Since those 2 exhibits are separate, you can buy tickets for one or both. Each exhibit will take around one and half hours to complete – so plan your time accordingly. If you have an inquisitive young one in your party, plan on staying longer. The docents are very helpful and informative.
Once you buy your tickets, you can pose for some photos with Titanic props. The backgrounds in those photos are blue so they can be exchanged with more elaborate backgrounds. For example, we took a picture in front of the grand staircase. When we viewed the finished photo it looked like we were on the Titanic in front of the staircase.
At the Bodies exhibits, you will see many exhibits of the human body in full color and to scale. Each room highlights a different part or system like Muscular, nervous, respiratory, digestive, urinary, reproductive, endocrine, and circulatory.
The specimens are created from real human bodies and using an innovative preservation method called Polymer Preservation which uses a special liquid rubber. Using this method the specimens can last for a very long time without any decay.
All exhibits were informative and entertaining but my family and I especially enjoyed the exhibit showing the human fetus during different weeks of development. It is mind boggling how tiny the fetus is at 3 weeks and how fast it grows after that.
Another eye-opening exhibit was the stark difference between healthy lungs and damaged lungs due to smoking. If anyone is still smoking in spite of all the warnings then this exhibit might just make them quit.
The Bodies exhibit is mostly independent at your own pace experience. The Titanic artifacts exhibit, on the other hand, is more choreographed and guided.
At the entrance to the Titanic, the docents let small groups in every 15 minutes where they are greeted by a large room with a big screen. The first part of the journey is a short video about the construction, launch, and tragedy of the Titanic.
The Titanic was built to rival any other cruise liner in size and luxury and was billed as unsinkable. During its maiden voyage in 1912, the unthinkable happened. It struck a large Iceberg and sank to the bottom of the ocean, sending around 1,500 passengers to their doom. The biggest tragedy in this story is that many more lives could have been saved if the ship carried adequate lifeboats. Read more about the Titanic at Wikipedia en.wikipedia.org/wiki/Titanic.
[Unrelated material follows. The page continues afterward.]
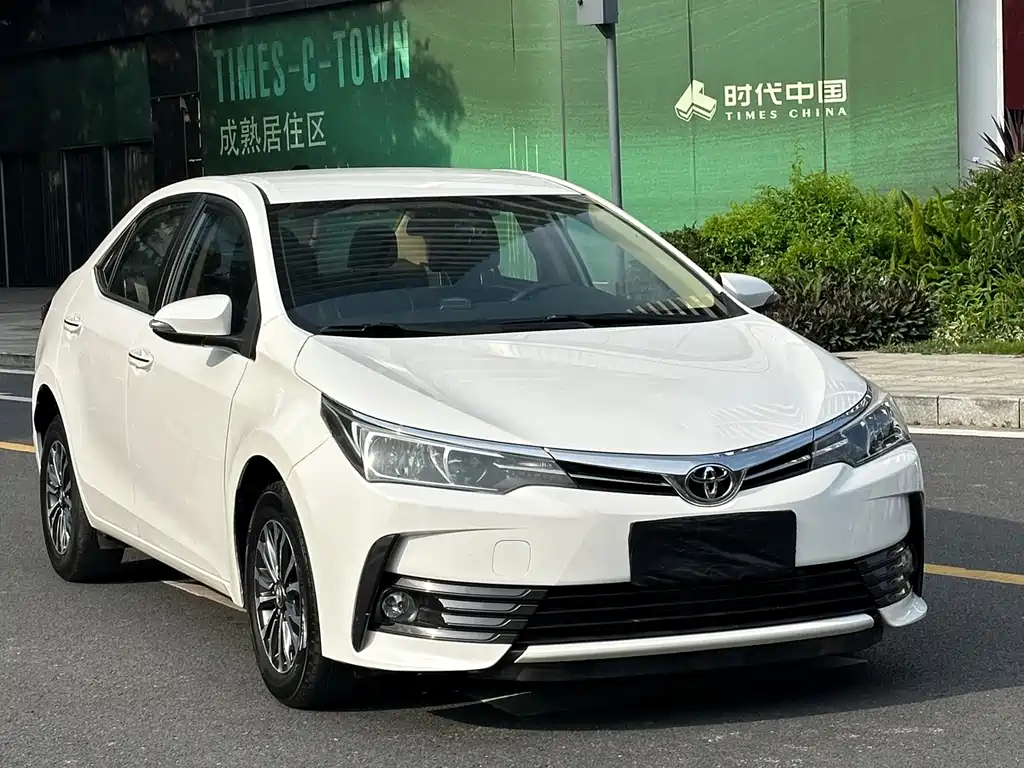 Toyota Corolla 2018 — фото 4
Throughout the ensuing years, many salvagers and researchers recovered a treasure trove of artifacts from the doomed ship.
This exhibit showcases those artifacts and the opulent life aboard ship. In some of the exhibits, you will see the life-sized Grand Staircase, the first class staterooms and expensive china that survived the drowning. In contrast, you will pass by the cramped crew quarters, with 4 crew members in each cabin.
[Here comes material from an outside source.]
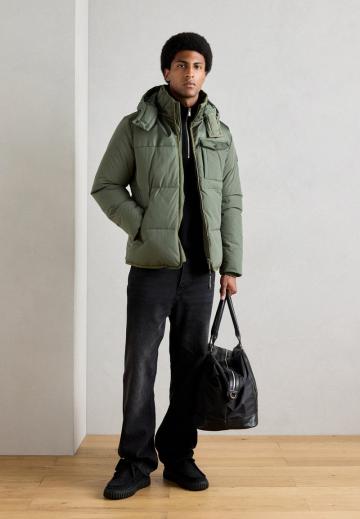 Зимняя куртка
In other exhibits, you will see the huge propellers and the engine room where the crew toiled to keep the ship running. Another display plays a looping 3D film showing the sunken ship at the bottom of the ocean.
In most rooms, there were docents - dressed as crew members – providing information about the exhibits and answering questions.
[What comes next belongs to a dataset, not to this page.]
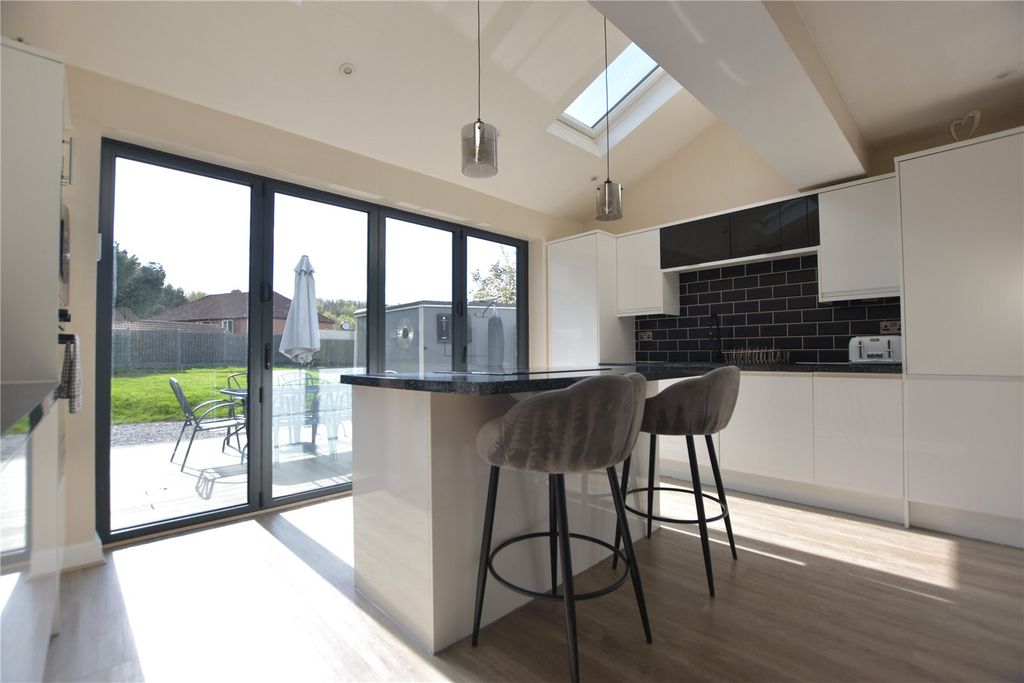 Property photo 3 of 21 Picture No. 22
One of the rooms shows a huge Iceberg made out of real ice. You can touch the ice to feel how cold it was on that fateful night.
Around the middle of your journey, you will be seated in a simulated lifeboat while a crew member tells the story of the Titanic passenger’s escape and rescue.
As you are exiting the exhibit you will walk through a memorial for the people who perished and who survived along with their photos - A very touching experience that makes the whole story more real and personal.
Our favorite parts of the exhibit were the 3D film, the Iceberg and the engine room.